Figure 5e illustrates a physical diagram of the RSM-HNG-based Bluetooth temperature and humidity monitoring system, demonstrating its potential application in environmental monitoring. Through actual operation tests, it was found that the RSM-HNG can charge a 3 mF capacitor to 3.3 V under a wind speed of 21.5 m/s, successfully reaching the operating voltage required for the Bluetooth temperature and humidity sensor. As shown in
Figure 5f, the charging process lasted approximately 100 s. When the capacitor was charged to 3.3 V, the Bluetooth temperature and humidity sensor began operating normally and transmitted real-time ambient temperature and humidity data to the application receiver via Bluetooth. After the data transfer was complete, the capacitor’s voltage dropped to 2.5 V, at which point the RSM-HNG resumed charging the capacitor. In about 50 s, the capacitor voltage reached a sufficient level to restart the Bluetooth temperature and humidity sensor, and the data was successfully transmitted. This experimental result demonstrates the potential of the RSM-HNG for environmental temperature and humidity monitoring in agriculture and animal husbandry. By effectively utilizing ambient wind energy, the RSM-HNG provides stable power to low-power devices such as Bluetooth temperature and humidity sensors. This highlights the significant potential of the RSM-HNG for remote environmental monitoring in applications such as agriculture and livestock management.

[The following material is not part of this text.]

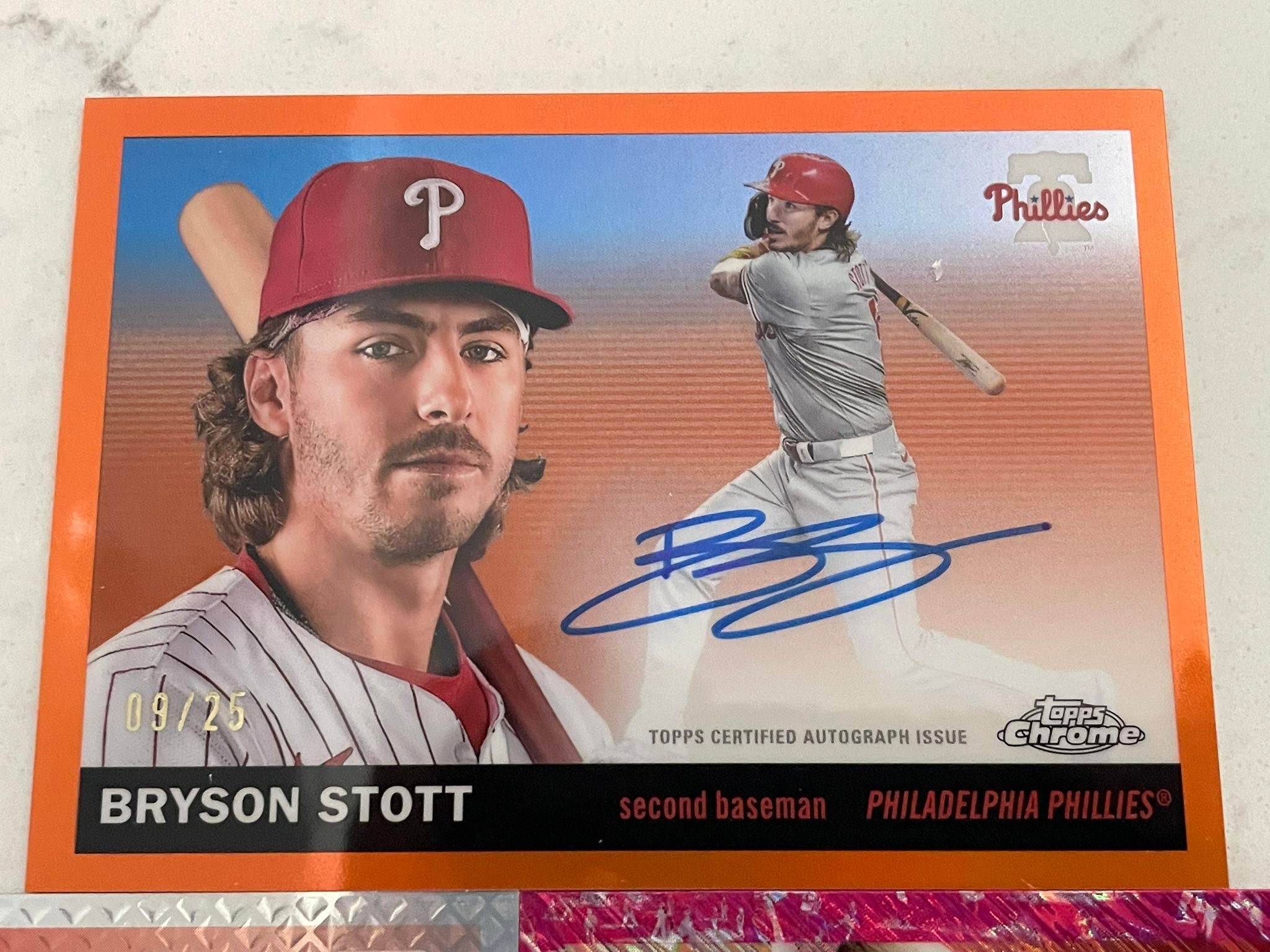 Bryson Stott autograph card pulled from Topps Chrome Platinum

To further validate the RSM-HNG’s applicability in different environments, it was deployed in a sea ranch and a field road environment, utilizing ambient wind energy for operation. In these environments, the RSM-HNG demonstrated strong energy-harvesting capability and stable performance. As shown in
Figure 5g, the RSM-HNG is deployed in a sea ranch environment integrated with an ambient temperature and humidity monitoring system. Powered by the sea breeze, the RSM-HNG successfully charged a 3 mF capacitor to 4.5 V after 3 min of operation, reaching the required operating voltage for the Bluetooth temperature and humidity sensor. At this point, the Bluetooth sensor activated and began transmitting real-time ambient temperature and humidity data to the application receiver via Bluetooth. This experimental result demonstrates the efficient energy-harvesting capability of the RSM-HNG in a sea ranch environment, providing sustainable power support for remote environmental monitoring (
Supplementary Material, Movie S2). We have also verified the ability of the RSM-HNG to drive an electronic clock when powered by wind energy (
Supplementary Material, Movie S3).
Figure 5f demonstrates that in a field environment, the RSM-HNG, powered by ambient wind energy, charges a 3 mF capacitor to approximately 3 V in 3 min. This voltage is sufficient to power an electronic clock for time display in a farmland. These results show that even in a power-deficient agricultural environment, the RSM-HNG can provide basic time display services to local residents, significantly enhancing farm management and work efficiency.
To thoroughly evaluate the energy harvesting efficiency of the RSM-HNG, experiments were conducted under a wind speed of 21.5 m/s, using three capacitors with different capacitances (100 μF, 330 μF, and 1000 μF) for the charging test. By monitoring the charging process of these capacitors, the energy-harvesting capability of the RSM-HNG under different load conditions can be visually assessed. As shown in
Figure 5i, the experimental results indicate that the RSM-HNG efficiently charges a 100 μF capacitor to 12 V, a 330 μF capacitor to 7.4 V, and a 1000 μF capacitor to 1.5 V in just 30 s. These results demonstrate that the RSM-HNG exhibits strong energy-harvesting capability and can charge capacitors of different capacitances in a relatively short period.